Observó a Lanzarote, que estaba a mil leguas de allí, perdido dentro de sí mismo, donde ella jamás podría seguirlo. Con torpeza, buscándolo del mejor modo posible, preguntó:

—¿Y no pudiste hallar el Grial?

Vio que Lanzarote atravesaba lentamente aquella larga distancia.

—Me acerqué más de lo que puede acercarse un pecador sin perecer. Pero se me salvó la vida para que dijera a la corte de Arturo que el Grial ha desaparecido para siempre de este mundo. —Volvió a guardar silencio. Luego dijo, siempre remoto—: Habría ido tras él hasta el fin del mundo, pero no se me dio oportunidad.

«¿Acaso no querías regresar por mí?», pensó Ginebra. Entonces comprendió que Lanzarote y Arturo se parecían más de lo imaginado. Ella nunca había sido para ellos más que una distracción entre guerra y búsqueda; la vida real del hombre se desarrollaba en un mundo donde el amor no tenía significado. Lanzarote había dedicado su existencia a combatir junto a Arturo; ahora, a falta de guerras, se entregaba a un gran Misterio. El Grial se interponía entre ellos, como antes Arturo y el honor de caballero.

El dolor era insoportable. Durante toda su vida Ginebra no había tenido más que eso. No resistió el impulso de estrecharle la mano, susurrando:

—Te he echado de menos.

Y se horrorizó ante el deseo que percibía en su voz. «Pensará que soy como Morgause…» Lanzarote dijo delicadamente:

—Como yo a ti, Ginebra. —Y luego, como si pudiera leer dentro de su corazón hambriento, añadió en voz baja—: Con Grial o sin él, amada mía, nada podría haberme traído, salvo tu recuerdo. Podría haber permanecido allí durante el resto de mi vida, rezando por ver nuevamente ese Misterio. Pero soy sólo un hombre.

Entonces Ginebra, comprendiendo lo que insinuaba, le estrechó la mano.

—¿Quieres que aleje a mis mujeres?

Lanzarote vaciló un instante. Ginebra sintió aquel viejo temor: ¿cómo osaba ser tan atrevida, tan falta de pudor femenino? Esos momentos eran siempre como la muerte. Luego Lanzarote le apretó los dedos, diciendo:

—Sí, amor mío.

Pero mientras lo esperaba, sola en la oscuridad, se preguntó amargamente si ese «sí» había sido como los de Arturo: un ofrecimiento hecho por pura piedad o por halagar su amor propio. Su esposo podría haber dejado de invitarla, ya que no había la menor esperanza de que ella le diera un hijo tardío, pero era demasiado bondadoso para dar pie a que las damas sonrieran a espaldas de su reina. Aun así, era como una puñalada notar que siempre parecía aliviado si ella no aceptaba. A veces le hacía entrar para que pasaran un rato charlando; le reconfortaba estar entre sus brazos, pero no le exigía más. Ahora se preguntaba si acaso no la deseaba, si la había deseado alguna vez o sólo había acudido a ella porque era la esposa que tenía que darle hijos.

«Todos elogiaban mi hermosura y me deseaban, salvo el esposo que me dieron. Y ahora, quizás, incluso Lanzarote viene a mí sólo porque la bondad le impide abandonarme.» Se sintió febril y sudorosa. Mientras se lavaba con el agua fría de la jofaina se tocó los pechos caídos. «Ah, soy anciana… Sin duda le repugnará que esta carne vieja y fea le desee todavía como cuando era joven y bella.»

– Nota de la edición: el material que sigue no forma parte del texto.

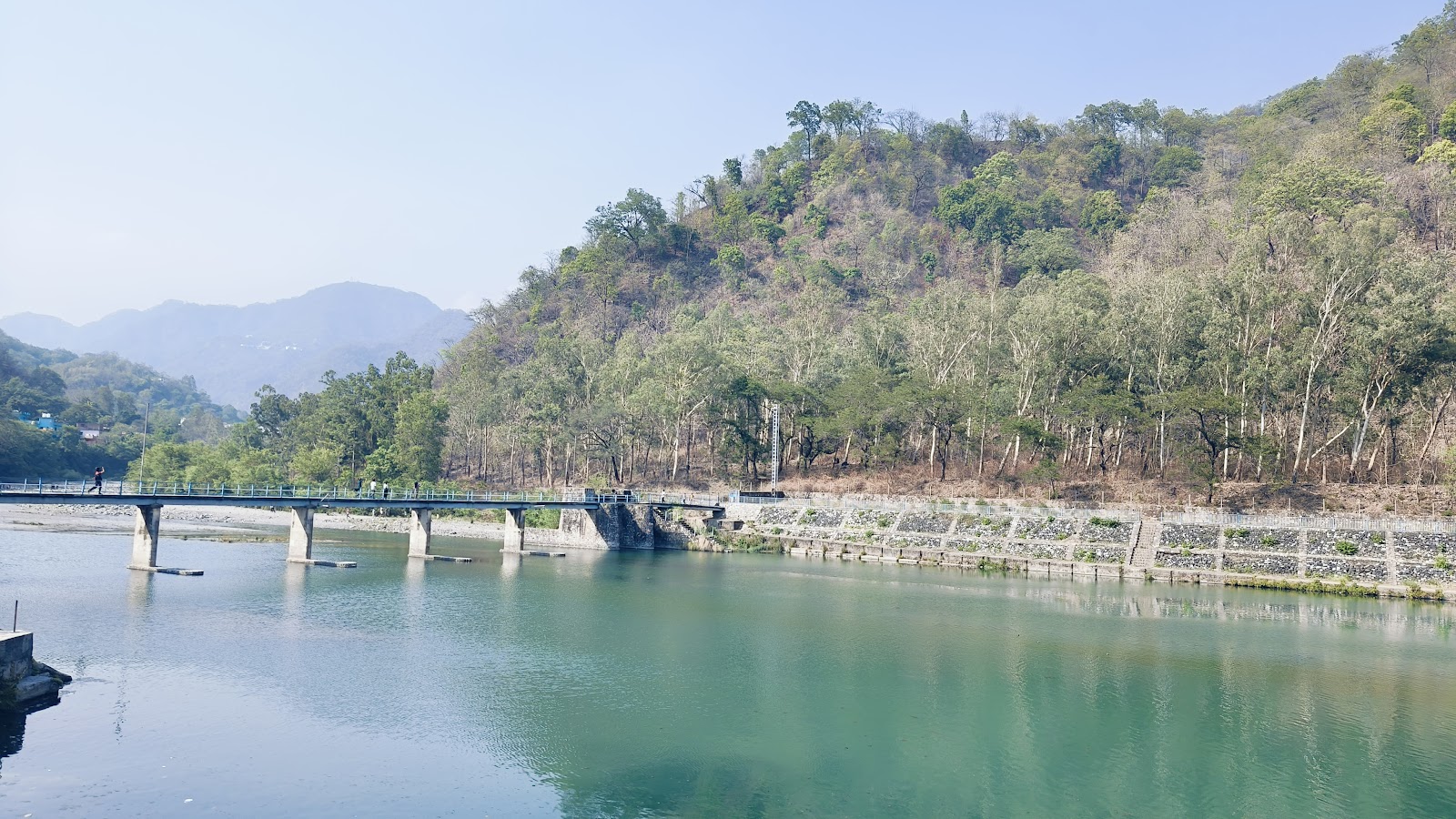 Gaula Baraj Dam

Entonces oyó tras ella una pisada y Lanzarote la cogió en sus brazos, haciéndole olvidar los temores. Pero cuando se hubo ido, Ginebra no pudo dormir.

«No tendría que arriesgarme a esto. Pero no tengo otra cosa… Y Lanzarote tampoco.» Había perdido a su hijo y a su esposa; su antigua intimidad con Arturo había desaparecido para siempre. La necesitaba; sin ella estaría completamente solo Había regresado a la corte porque la necesitaba.

Y por eso, aunque fuera pecado, parecía un pecado mayor dejarlo sin consuelo.